ASSIGNMENT
Would you please repeat, word for word, only the lines from the one holding "The film poster" through the one holding "CSAV container cargo" in the material below, without the pictures?

-- RECORDS FOR THIS EXERCISE follows --

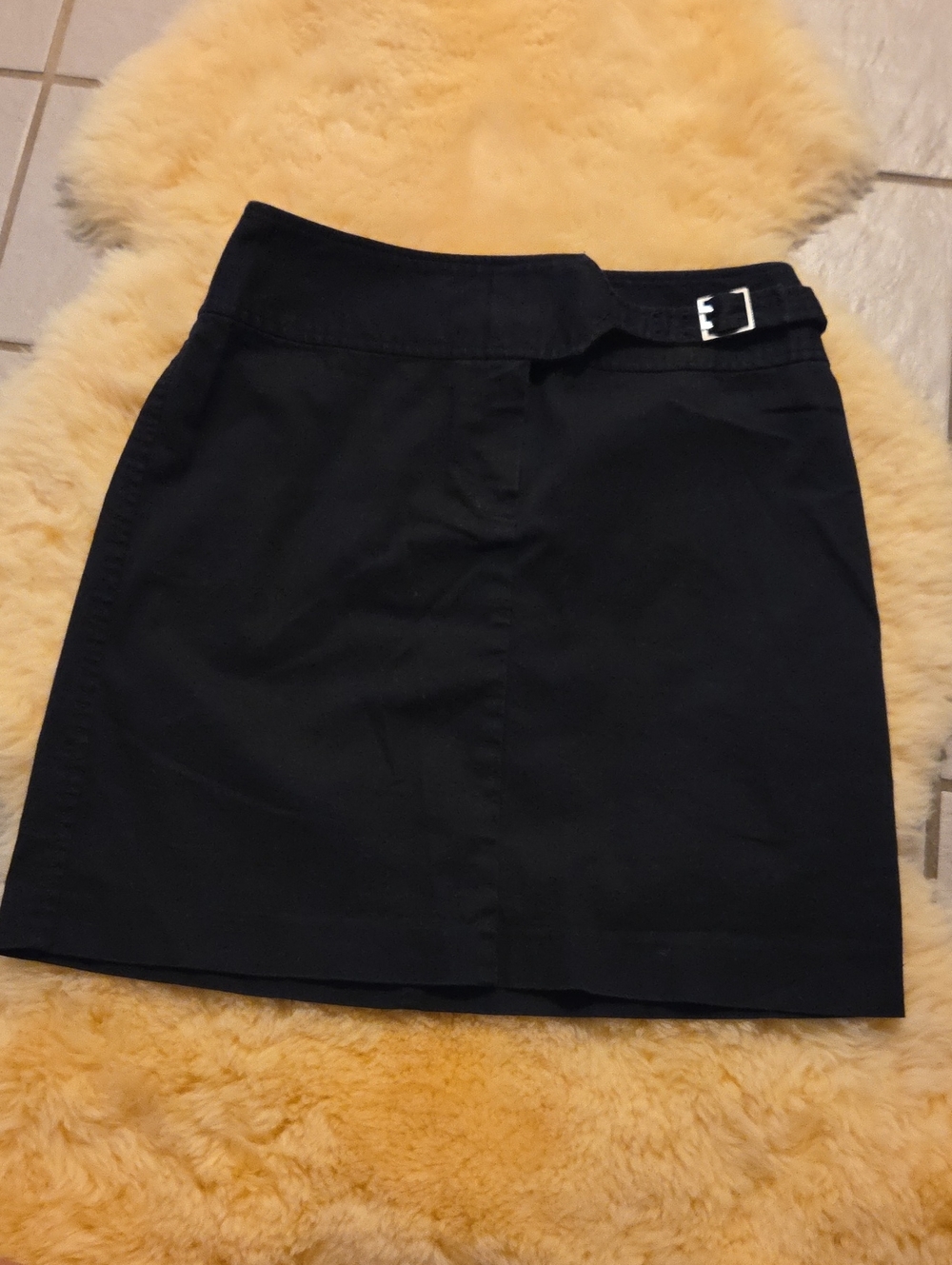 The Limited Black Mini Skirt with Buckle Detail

-- RECORDS FOR THIS EXERCISE concluded --
-- RECORDS FOR THIS EXERCISE follows --

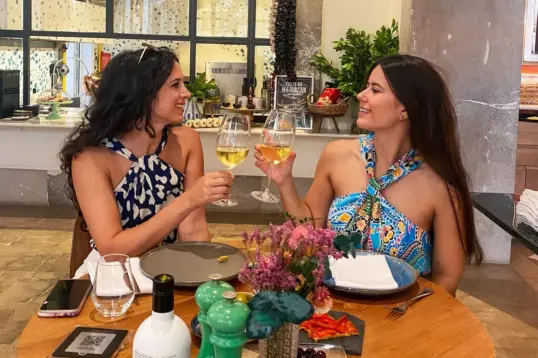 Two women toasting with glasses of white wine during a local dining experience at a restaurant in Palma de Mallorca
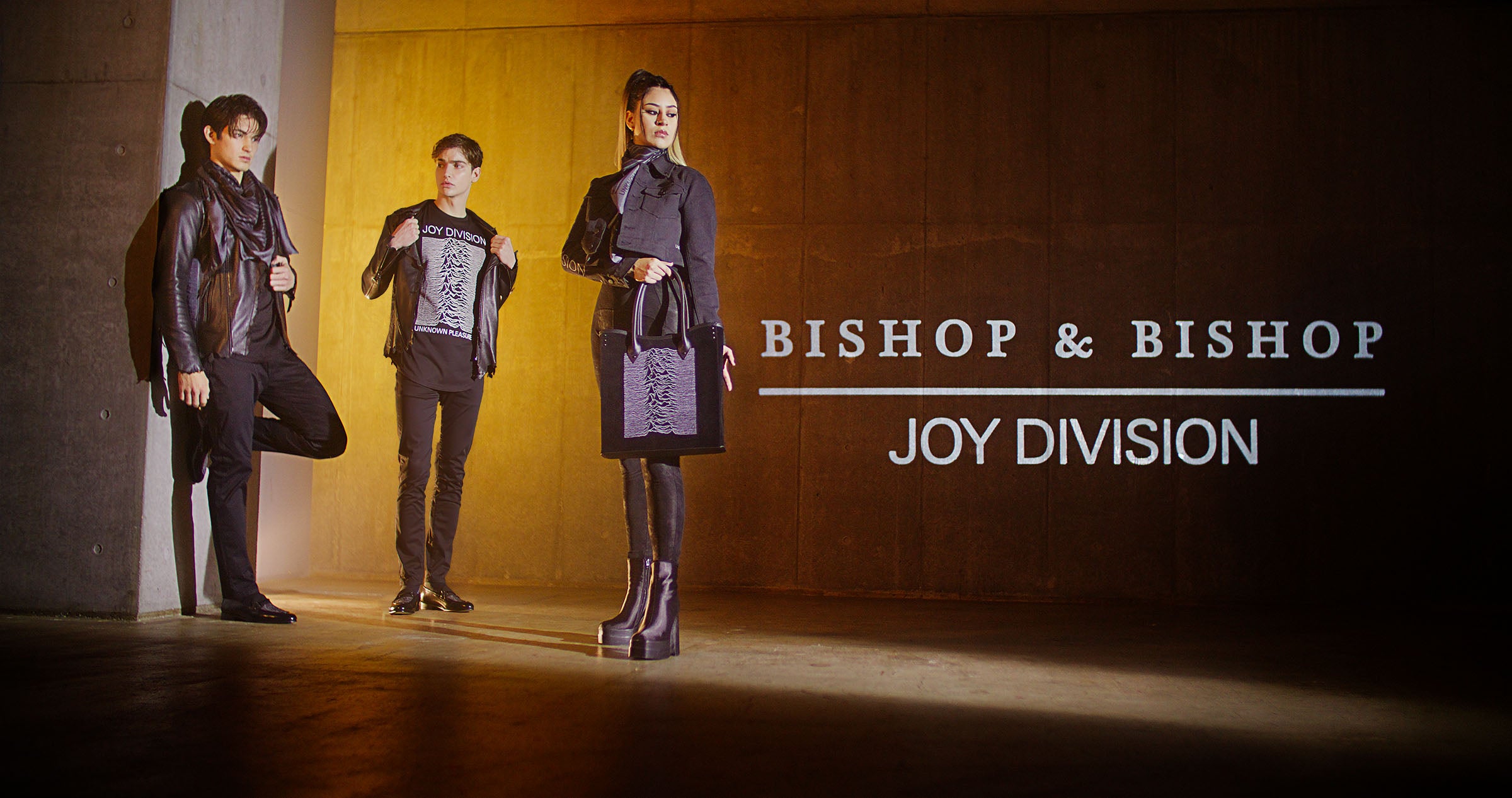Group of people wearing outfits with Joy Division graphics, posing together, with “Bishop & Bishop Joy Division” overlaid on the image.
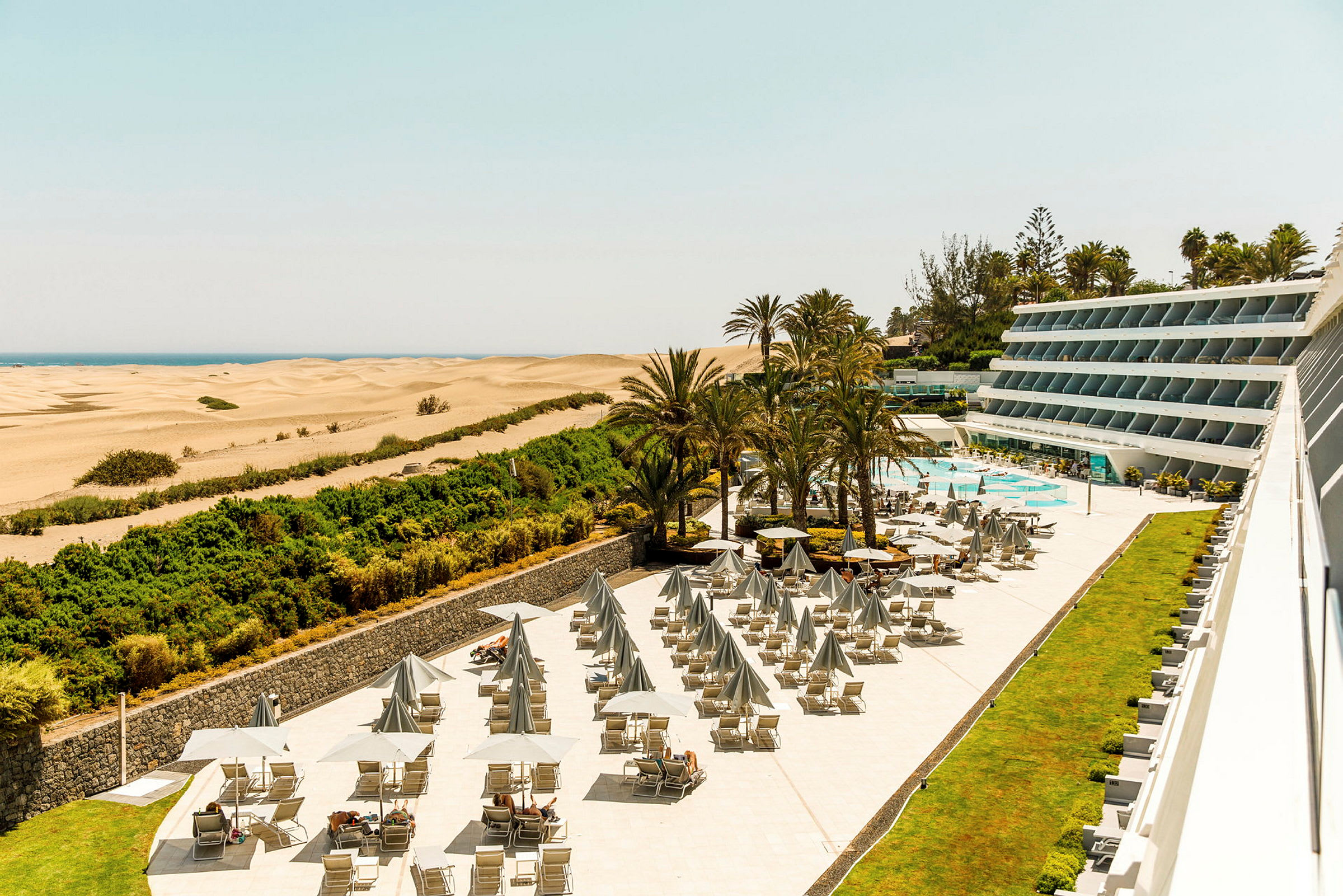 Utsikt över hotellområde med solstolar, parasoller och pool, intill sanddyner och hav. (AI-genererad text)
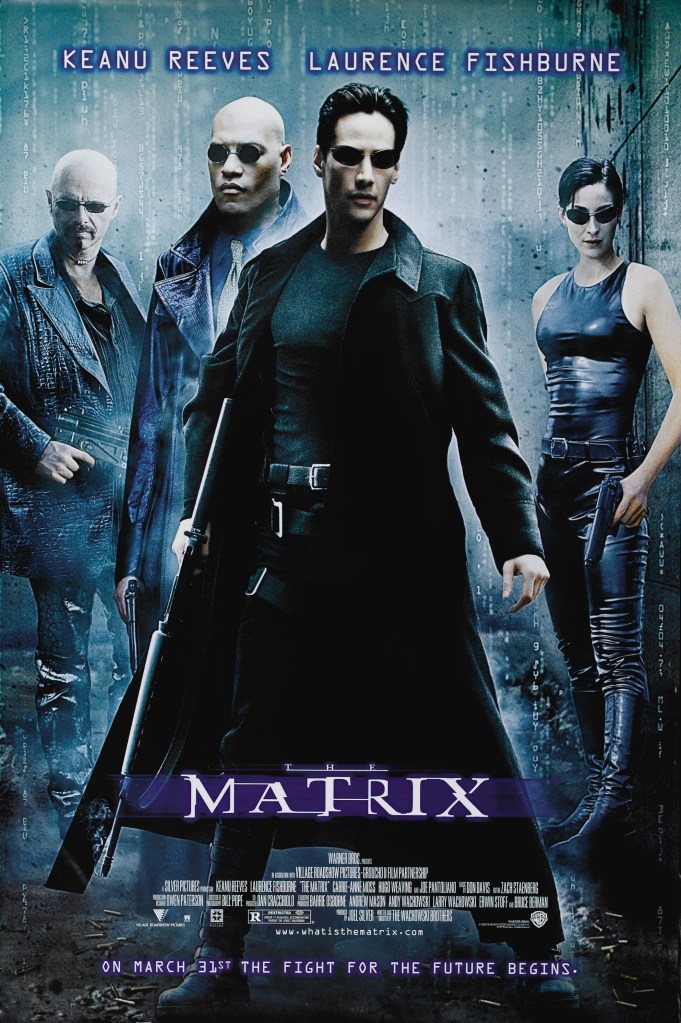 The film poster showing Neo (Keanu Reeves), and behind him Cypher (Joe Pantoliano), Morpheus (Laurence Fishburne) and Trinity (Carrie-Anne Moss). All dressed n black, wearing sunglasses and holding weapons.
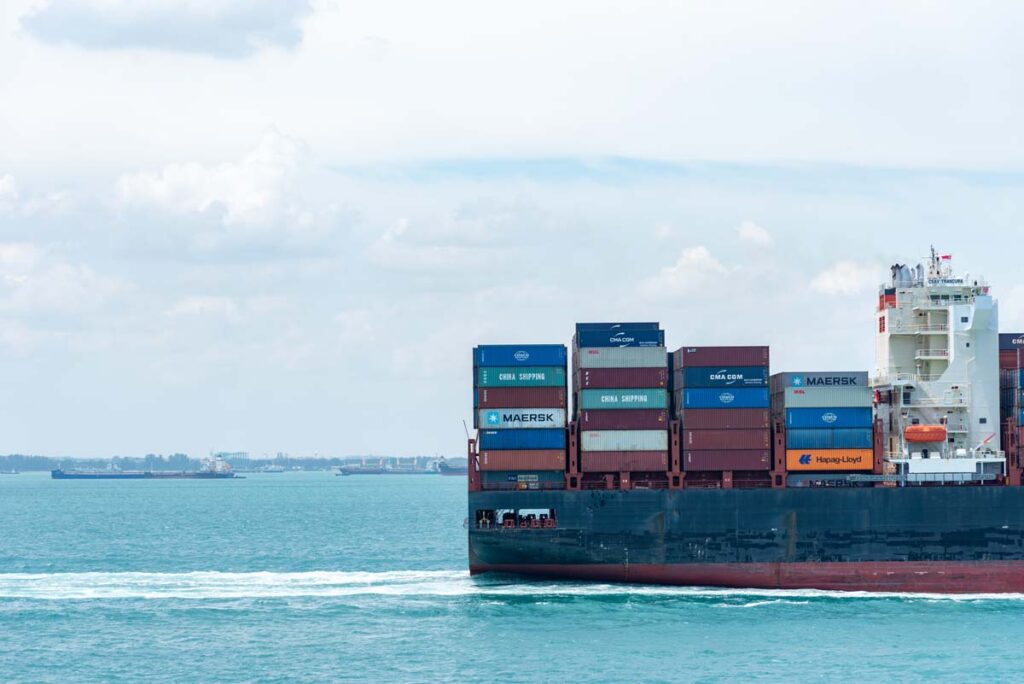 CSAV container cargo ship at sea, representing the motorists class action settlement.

-- RECORDS FOR THIS EXERCISE concluded --
-- RECORDS FOR THIS EXERCISE follows --

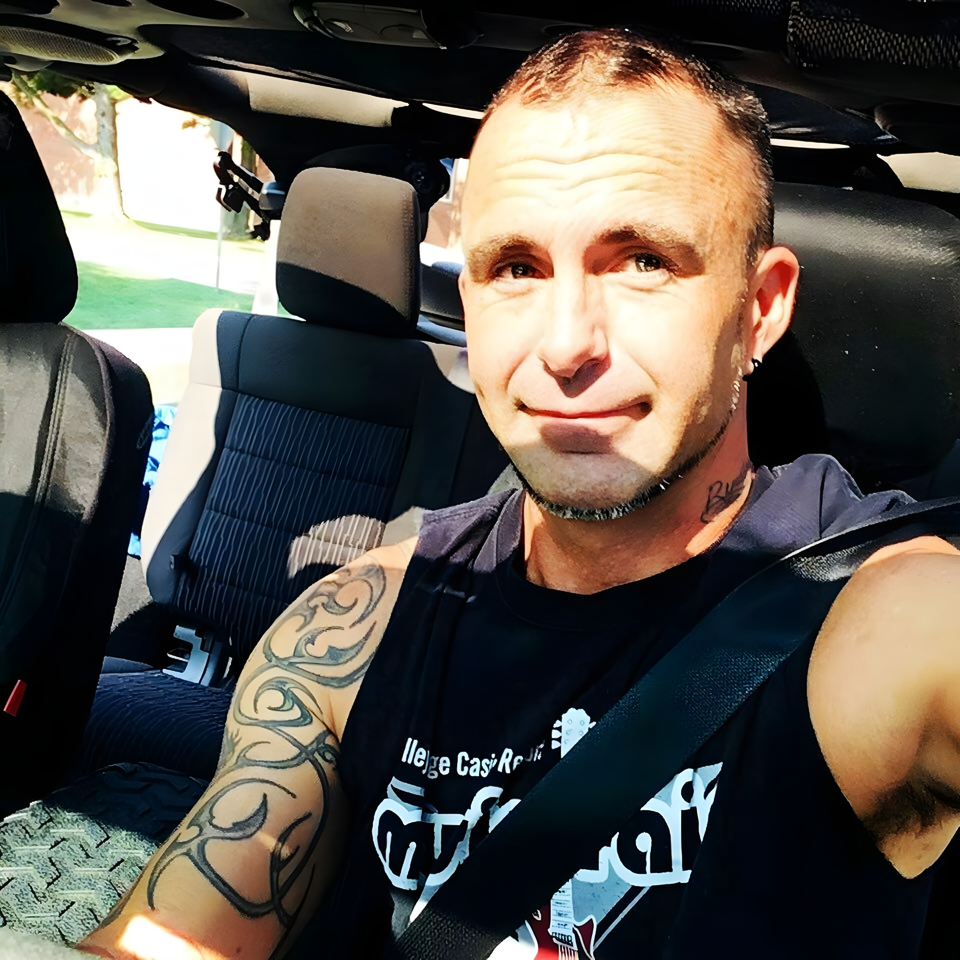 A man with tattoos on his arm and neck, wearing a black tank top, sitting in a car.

-- RECORDS FOR THIS EXERCISE concluded --

ANSWER TO THE EXERCISE
 The film poster showing Neo (Keanu Reeves), and behind him Cypher (Joe Pantoliano), Morpheus (Laurence Fishburne) and Trinity (Carrie-Anne Moss). All dressed n black, wearing sunglasses and holding weapons.
 CSAV container cargo ship at sea, representing the motorists class action settlement.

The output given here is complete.